DATA EXCERPTS:
◆ ◆ ◆ ◆ ◆ ◆ ◆

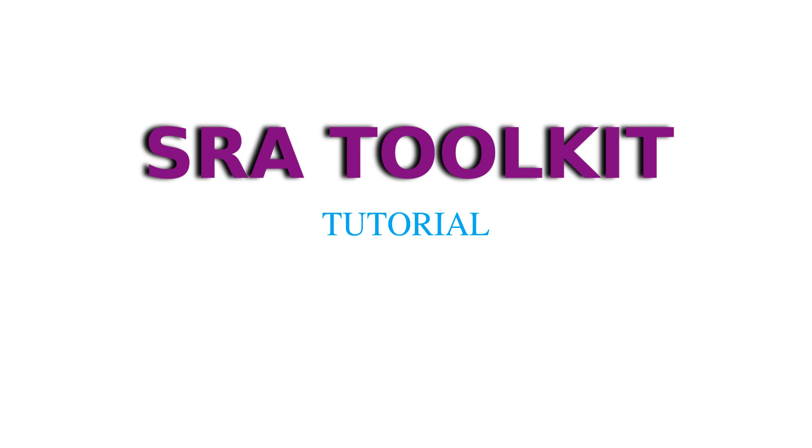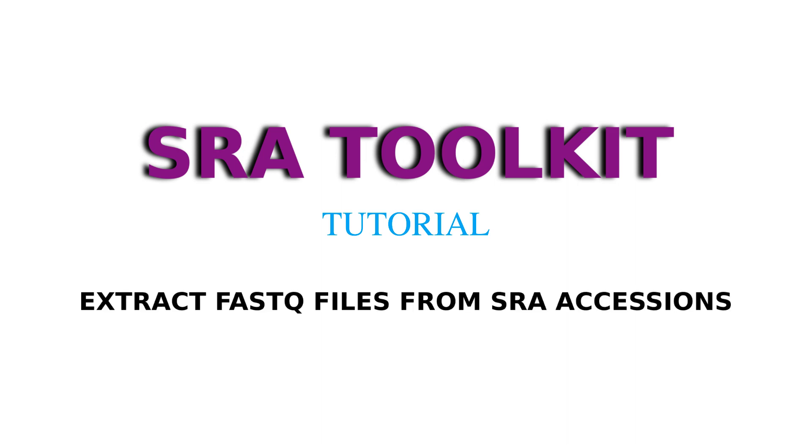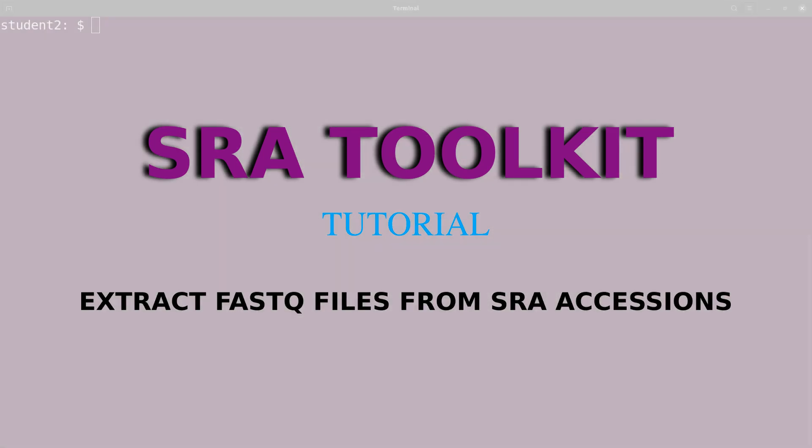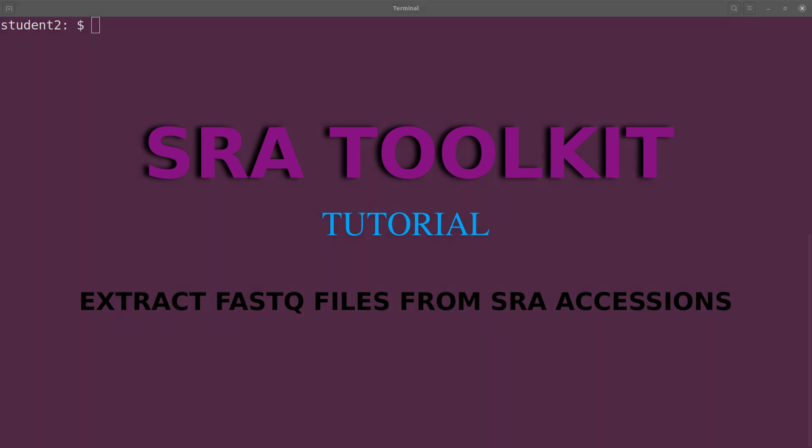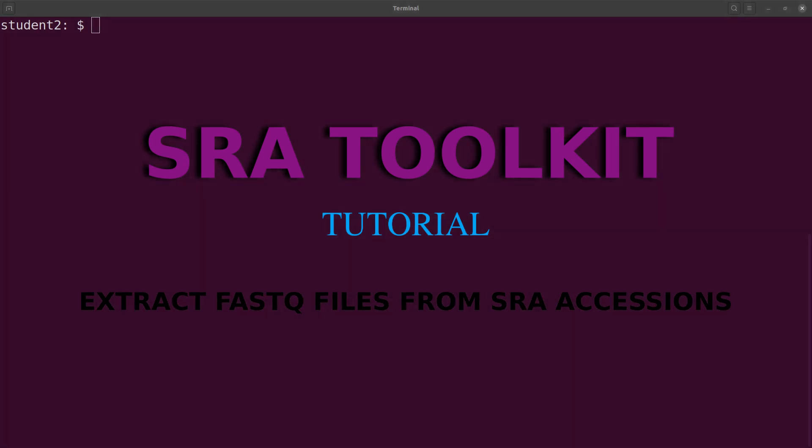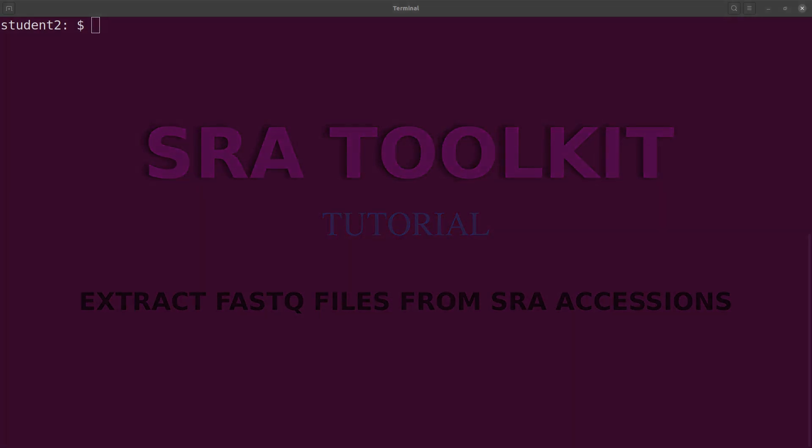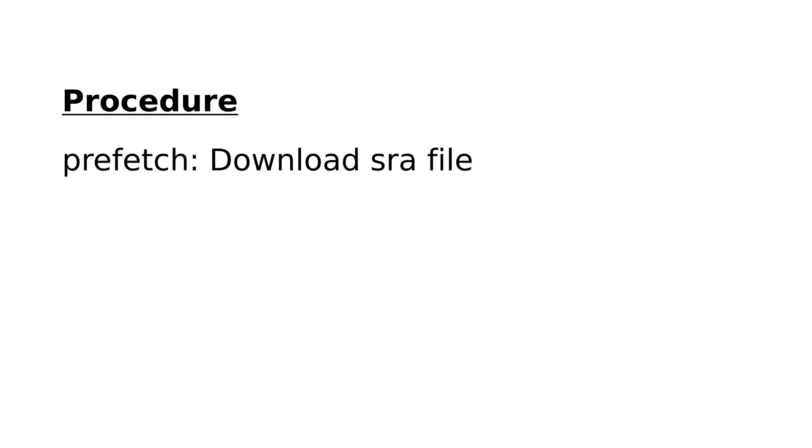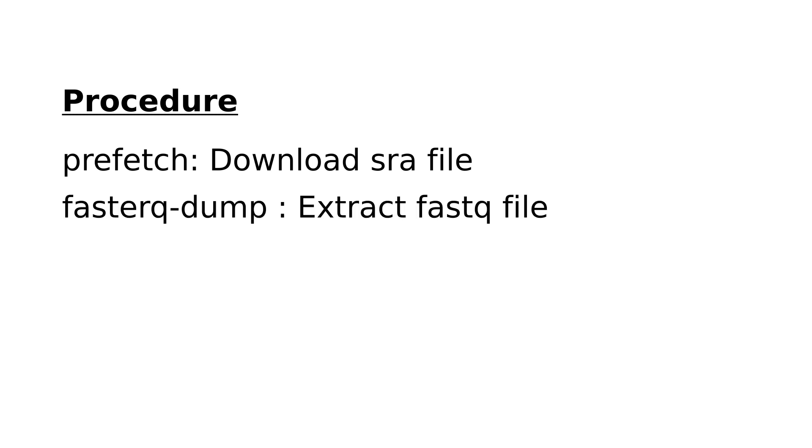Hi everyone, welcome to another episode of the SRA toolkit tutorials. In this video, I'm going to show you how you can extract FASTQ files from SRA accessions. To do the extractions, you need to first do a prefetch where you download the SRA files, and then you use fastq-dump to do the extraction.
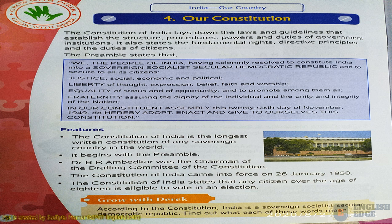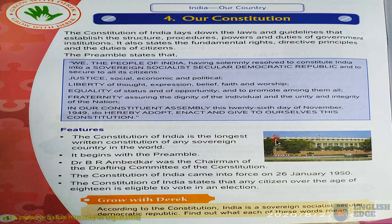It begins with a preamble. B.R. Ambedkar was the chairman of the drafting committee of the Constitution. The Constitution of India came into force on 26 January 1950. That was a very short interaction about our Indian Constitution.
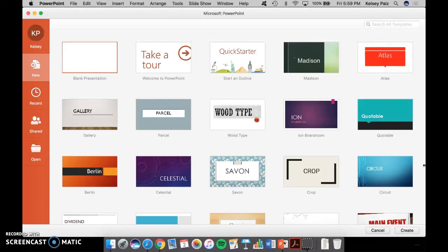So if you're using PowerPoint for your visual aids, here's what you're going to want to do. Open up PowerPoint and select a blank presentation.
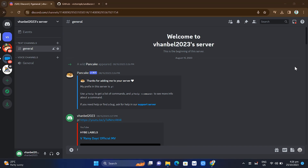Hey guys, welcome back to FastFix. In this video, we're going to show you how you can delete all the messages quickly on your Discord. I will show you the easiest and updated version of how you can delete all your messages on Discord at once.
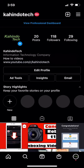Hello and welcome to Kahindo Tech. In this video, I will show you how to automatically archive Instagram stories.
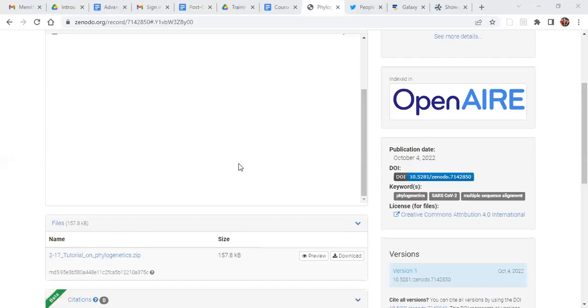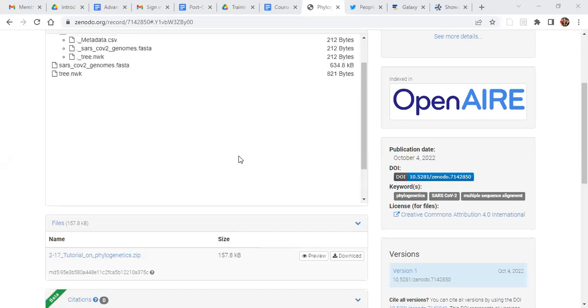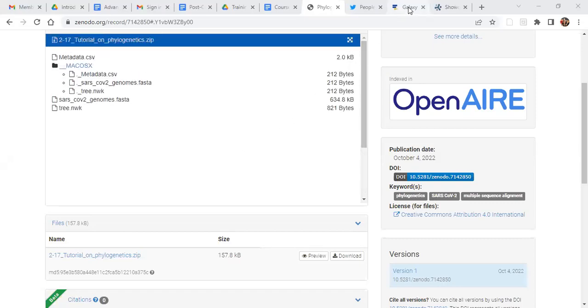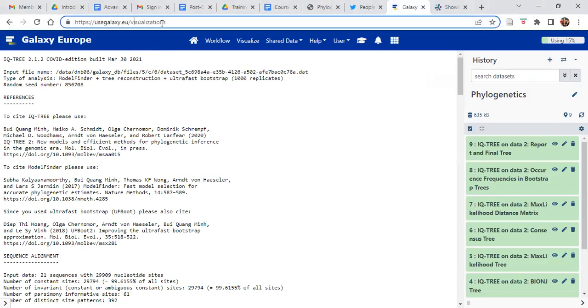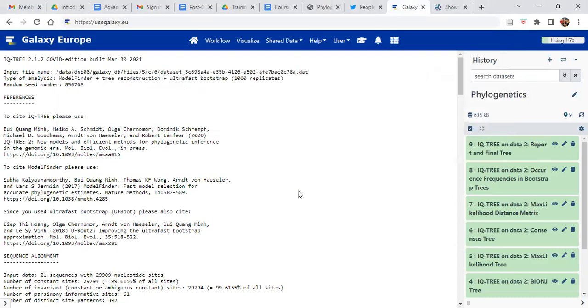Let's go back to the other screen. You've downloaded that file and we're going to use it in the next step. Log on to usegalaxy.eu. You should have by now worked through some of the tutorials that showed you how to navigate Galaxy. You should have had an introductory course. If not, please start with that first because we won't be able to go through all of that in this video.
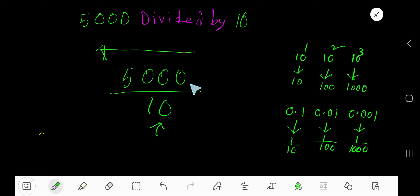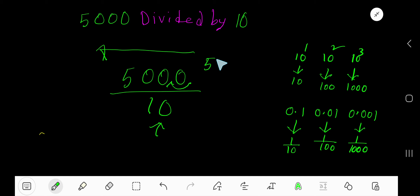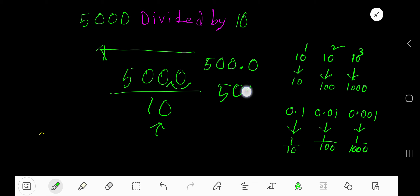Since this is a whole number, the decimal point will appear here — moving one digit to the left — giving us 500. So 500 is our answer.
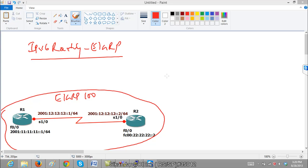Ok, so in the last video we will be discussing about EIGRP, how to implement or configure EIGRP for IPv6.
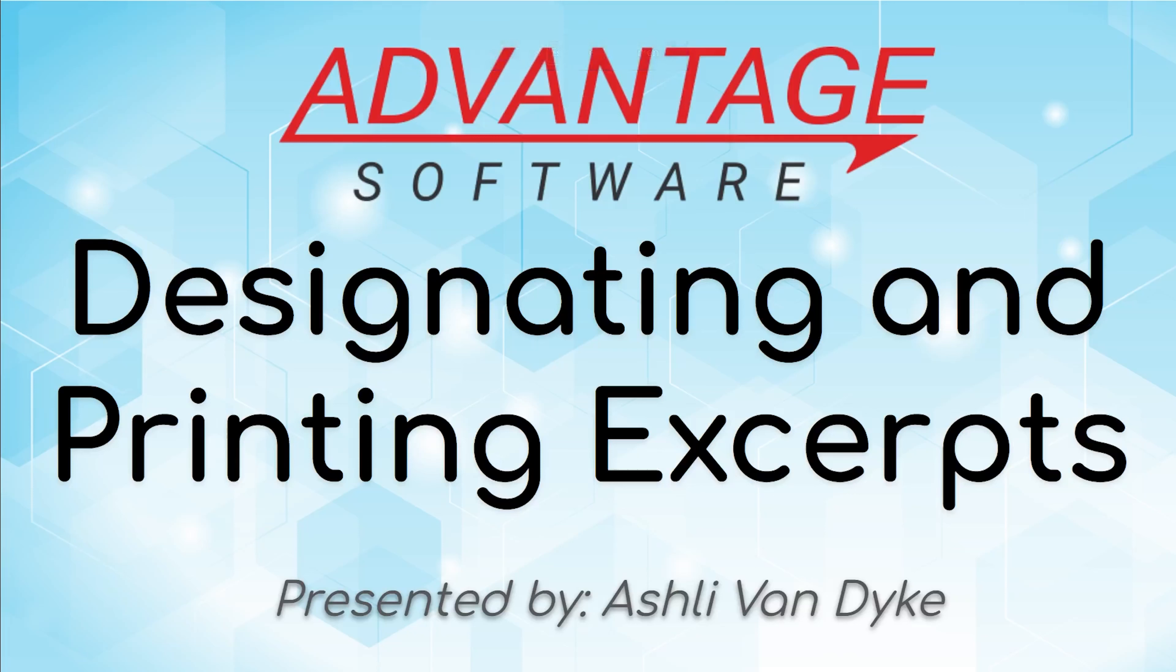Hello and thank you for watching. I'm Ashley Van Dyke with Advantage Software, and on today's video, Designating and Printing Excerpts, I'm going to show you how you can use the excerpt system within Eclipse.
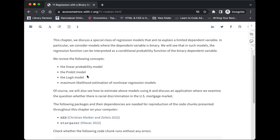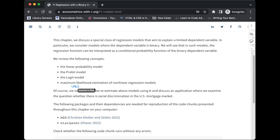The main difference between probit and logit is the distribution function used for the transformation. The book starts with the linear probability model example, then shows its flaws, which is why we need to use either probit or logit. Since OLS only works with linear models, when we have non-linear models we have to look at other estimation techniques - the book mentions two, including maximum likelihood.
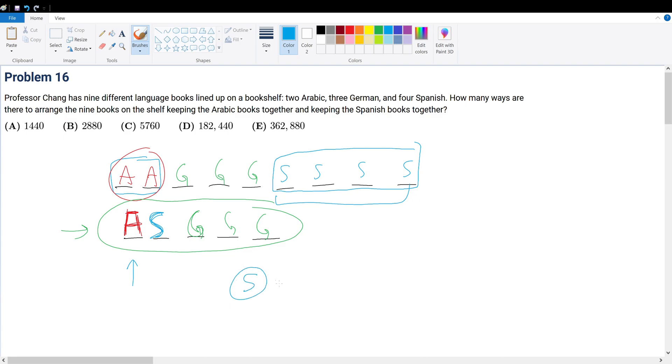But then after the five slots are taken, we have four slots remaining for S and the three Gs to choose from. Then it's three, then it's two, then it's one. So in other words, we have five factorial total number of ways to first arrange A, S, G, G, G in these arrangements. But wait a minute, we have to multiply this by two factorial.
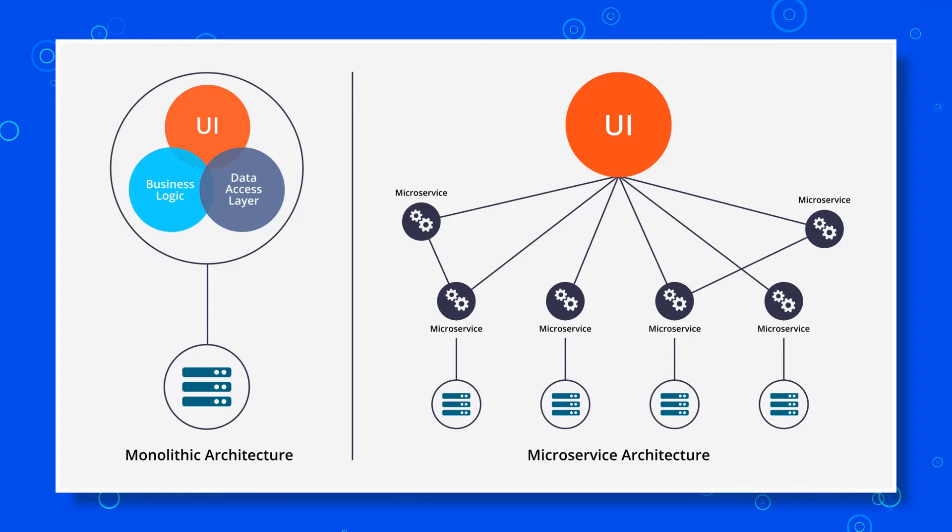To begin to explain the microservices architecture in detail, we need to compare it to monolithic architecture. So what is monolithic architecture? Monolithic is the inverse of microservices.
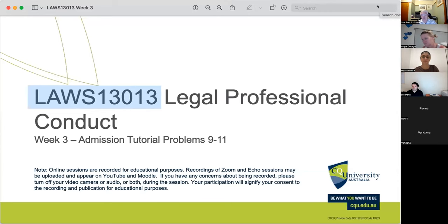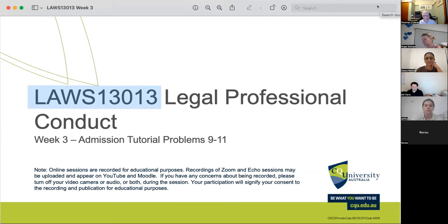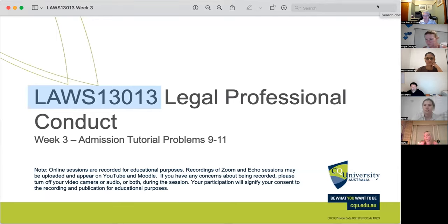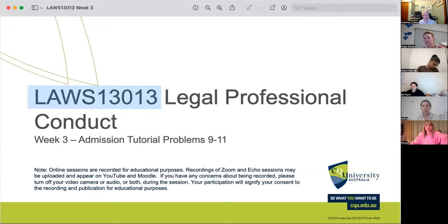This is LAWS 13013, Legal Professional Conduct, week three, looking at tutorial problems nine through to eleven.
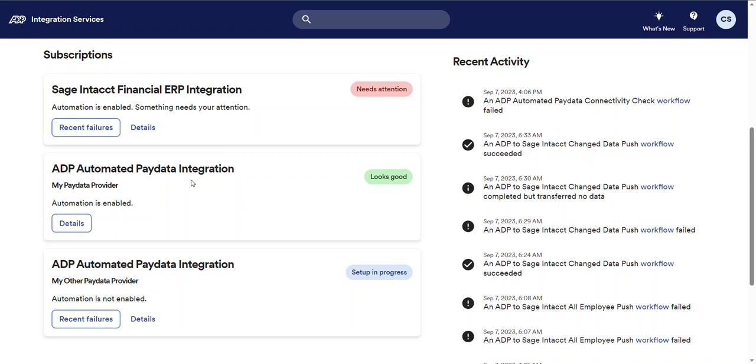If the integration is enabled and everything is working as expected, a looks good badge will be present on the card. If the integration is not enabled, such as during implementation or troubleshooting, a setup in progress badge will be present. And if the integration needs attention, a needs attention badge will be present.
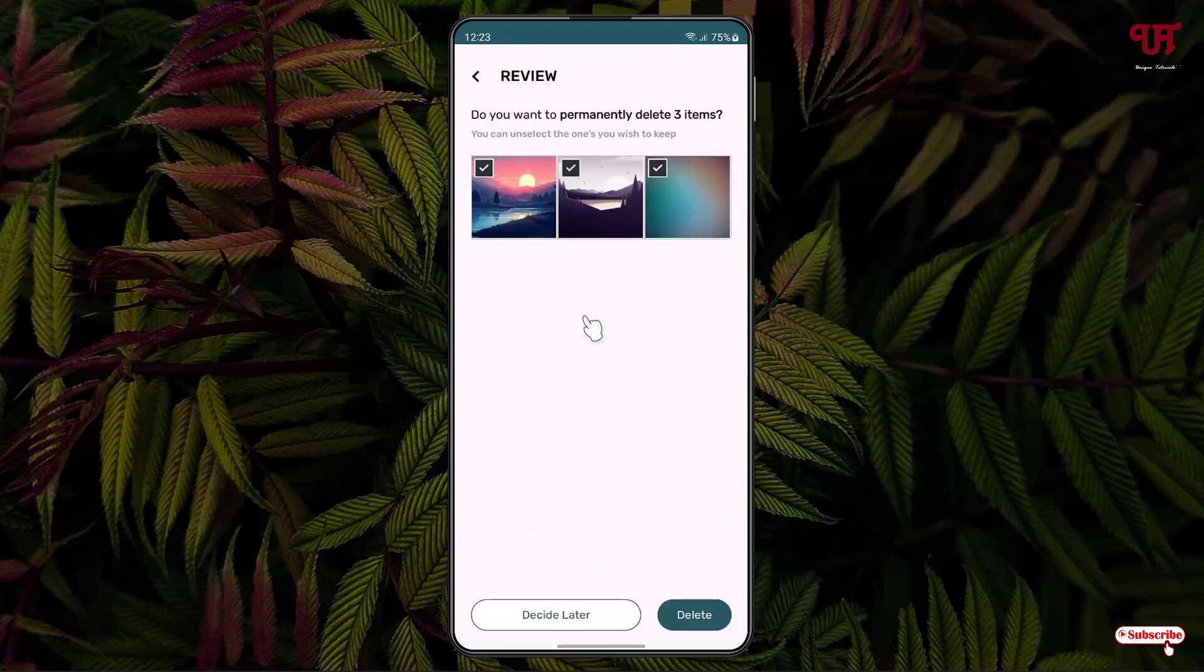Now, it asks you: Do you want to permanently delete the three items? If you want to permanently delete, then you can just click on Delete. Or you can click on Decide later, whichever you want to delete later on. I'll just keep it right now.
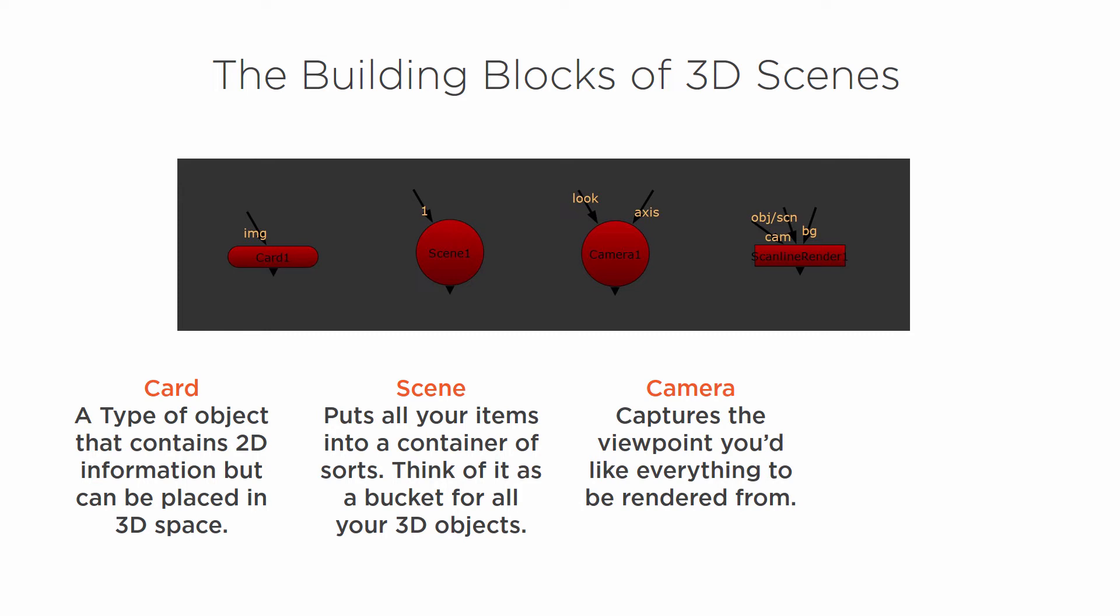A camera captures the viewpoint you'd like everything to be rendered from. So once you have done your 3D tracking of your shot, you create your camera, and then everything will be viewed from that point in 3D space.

◆ ◆ ◆ ◆ ◆ ◆ ◆

ASSIGNMENT: What is needed is an exact copy of the lines above from the one with "But then after" to the one with "Now, it asks", both ends kept, and nothing more; please leave the pictures out.

RESULT FOR THIS TASK:
But then after the five slots are taken, we have four slots remaining for S and the three Gs to choose from. Then it's three, then it's two, then it's one. So in other words, we have five factorial total number of ways to first arrange A, S, G, G, G in these arrangements. But wait a minute, we have to multiply this by two factorial.
To begin to explain the microservices architecture in detail, we need to compare it to monolithic architecture. So what is monolithic architecture? Monolithic is the inverse of microservices.
This is LAWS 13013, Legal Professional Conduct, week three, looking at tutorial problems nine through to eleven.
If the integration is enabled and everything is working as expected, a looks good badge will be present on the card. If the integration is not enabled, such as during implementation or troubleshooting, a setup in progress badge will be present. And if the integration needs attention, a needs attention badge will be present.
Now, it asks you: Do you want to permanently delete the three items? If you want to permanently delete, then you can just click on Delete. Or you can click on Decide later, whichever you want to delete later on. I'll just keep it right now.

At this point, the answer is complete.